Retype the lines from the first one in the records down to the line containing "Sterling Forever Cubic", counting both, and leave out any pictures.

The input Start Marker

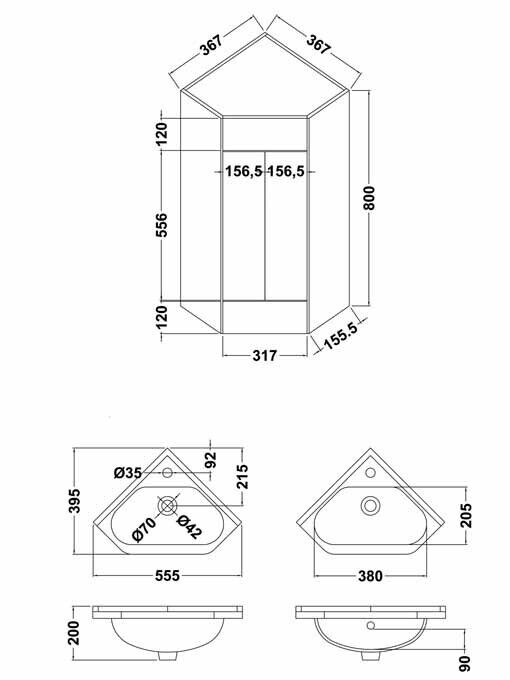 Corner 400 Unit and basin - White (BB.VTCW001)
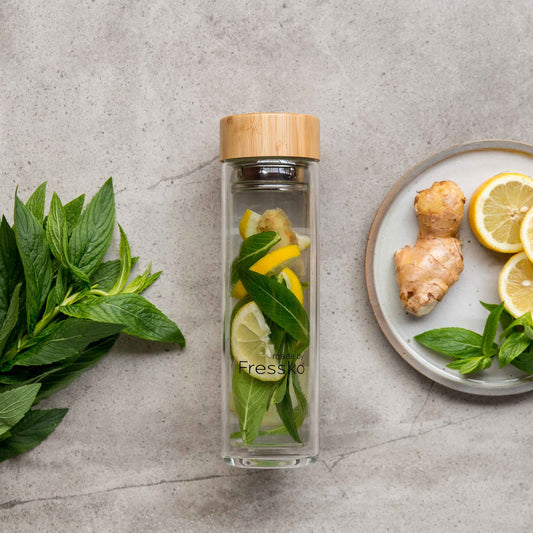 lemon, mint and ginger detox water in a fressko flask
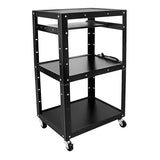 AV Cart on Wheels, Rolling Standing Desk Stand up Desk Rolling Presentation and Media Cart Height Adjustable Top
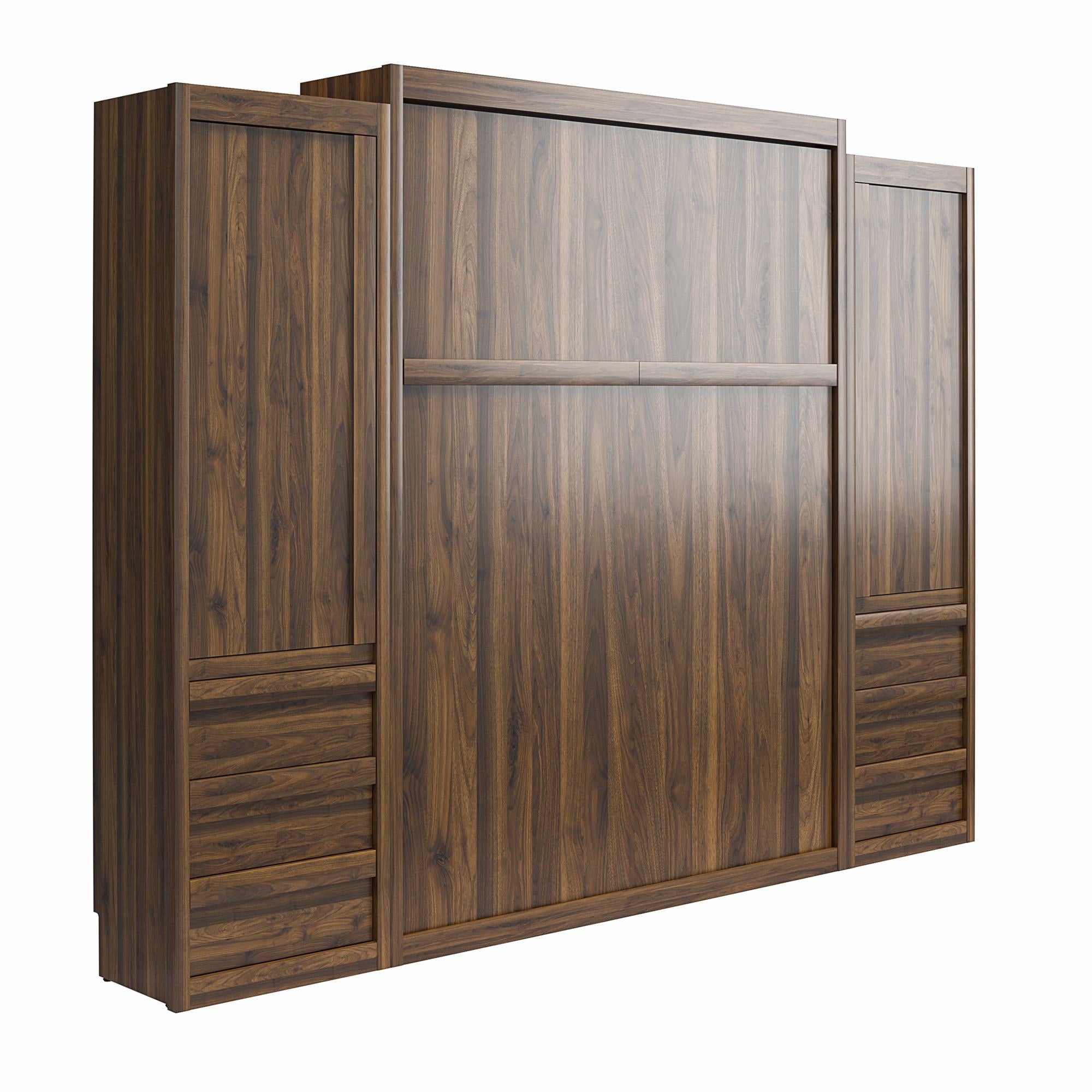 Signature Sleep Paramount Murphy Bed with Armoire Cabinets - Columbia Walnut - Queen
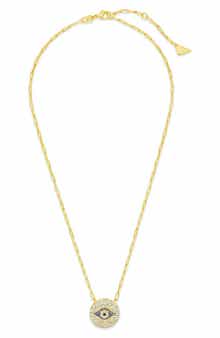 Sterling Forever Cubic Zirconia Evil Eye Disc Pendant Necklace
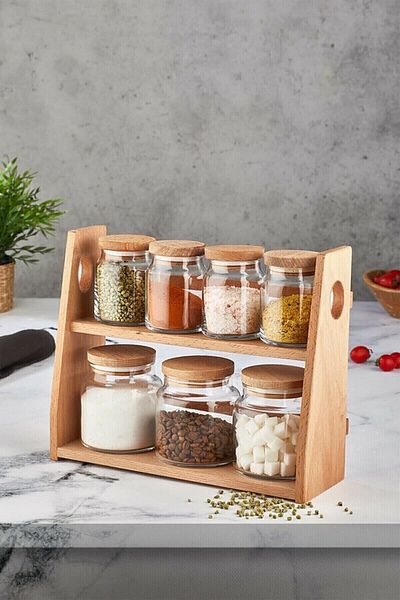 GÖNÜL 8 Piece Glass Spice Set with Bamboo Lid and Stand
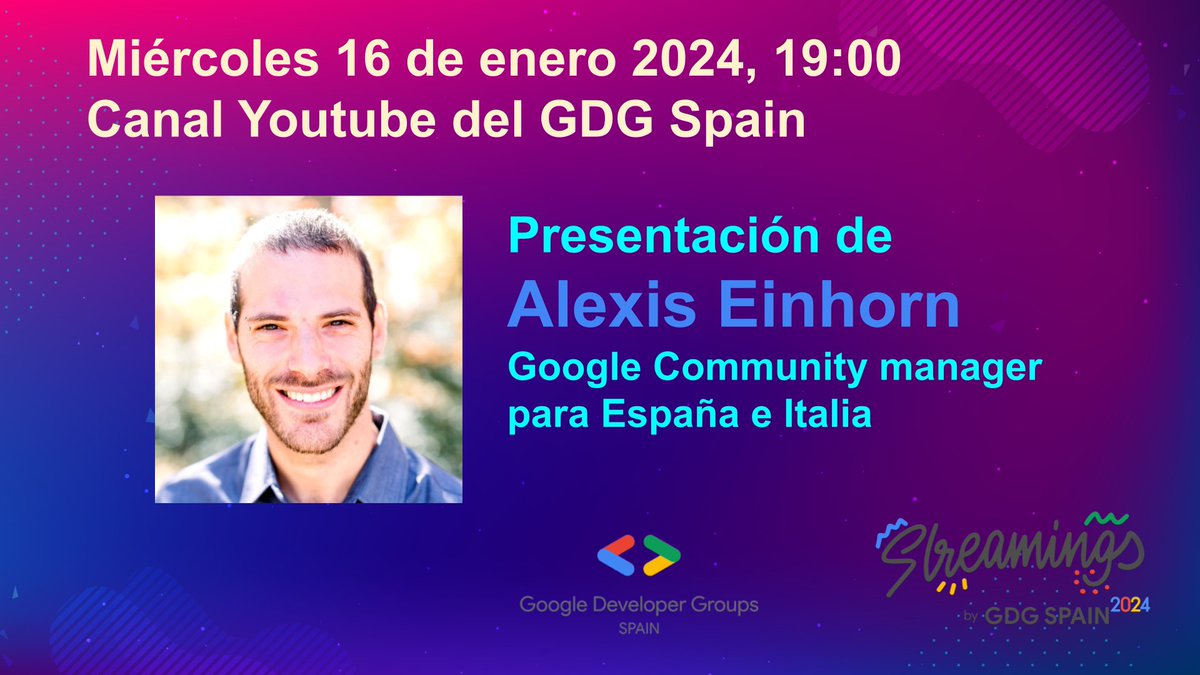 El equipo de los <a href="/GDG_ES/">GDG Spain</a> Streamings vuelve este 2024, y para empezar haremos la presentación de 
Alexis Einhorn, nuevo Google Community manager para España e Italia <a href="/AlexisMalaga86/">Alexis</a> RSVP en la plataforma de eventos de Google gdg.community.dev/events/details… Os esperamos !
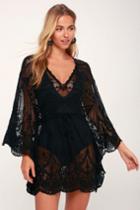 Desert Isle Black Crochet Lace Swim Cover-up | Lulus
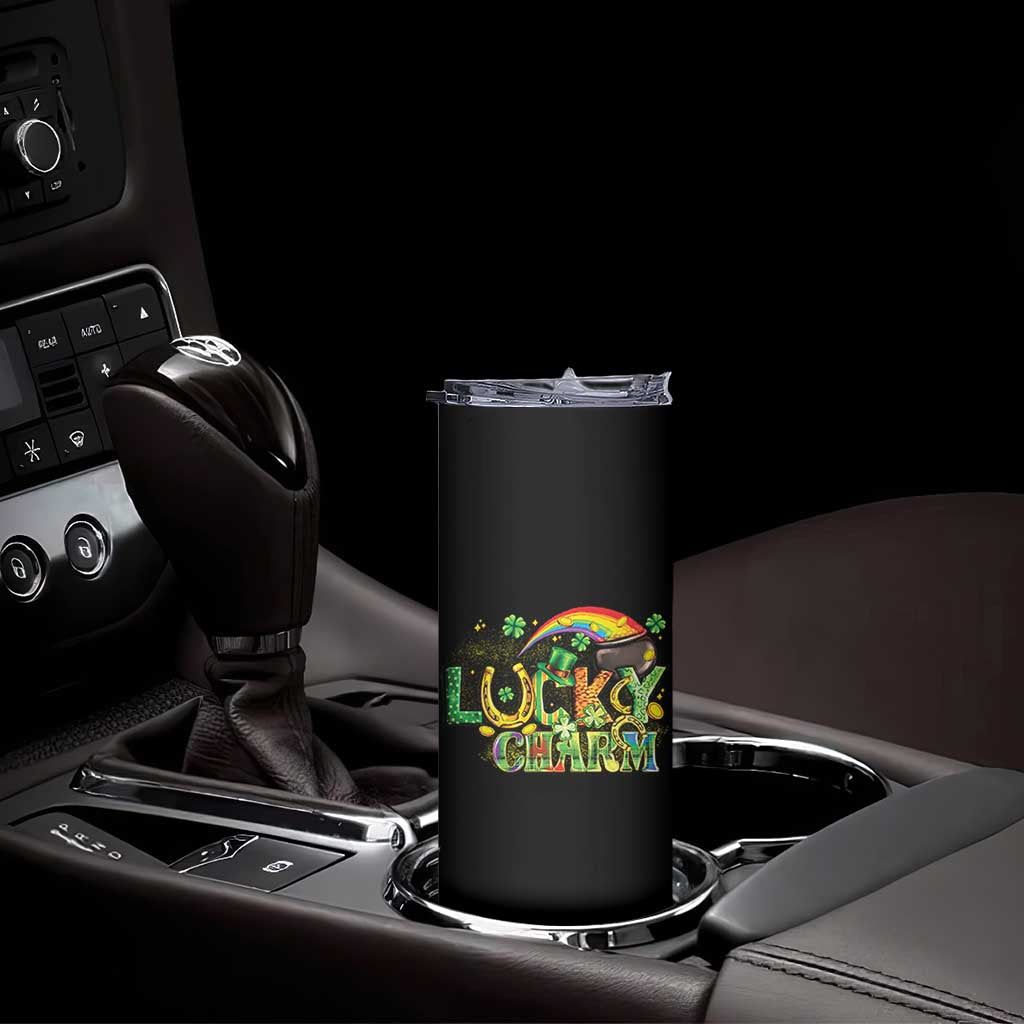 Funny St Patrick's Day Lucky Charm Skinny Tumbler Rainbow Gold Pot Clover
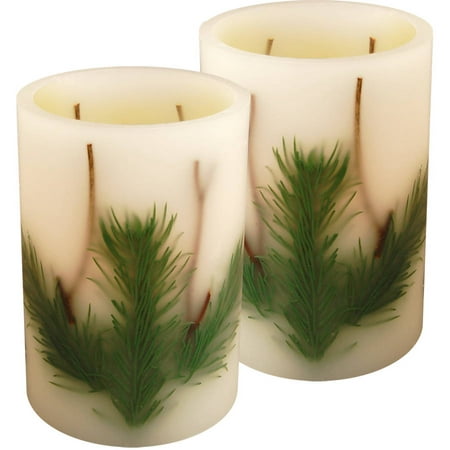 Battery Operated Wax LED Candles, Pine Needle - Set of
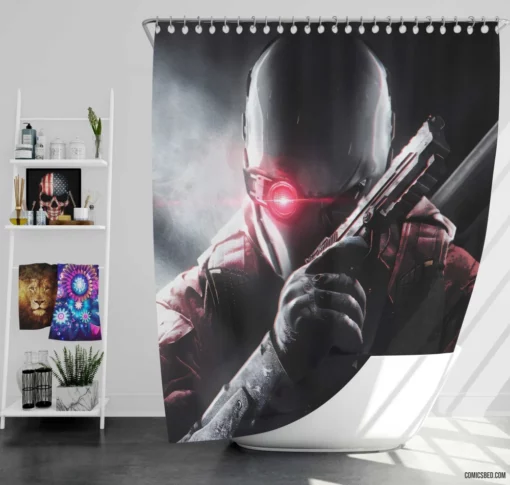 Deadshot Gun DC Precise Marksman Comic Shower Curtain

The input End Marker

■ **Result below**:
 Corner 400 Unit and basin - White (BB.VTCW001)
 lemon, mint and ginger detox water in a fressko flask
 AV Cart on Wheels, Rolling Standing Desk Stand up Desk Rolling Presentation and Media Cart Height Adjustable Top
 Signature Sleep Paramount Murphy Bed with Armoire Cabinets - Columbia Walnut - Queen
 Sterling Forever Cubic Zirconia Evil Eye Disc Pendant Necklace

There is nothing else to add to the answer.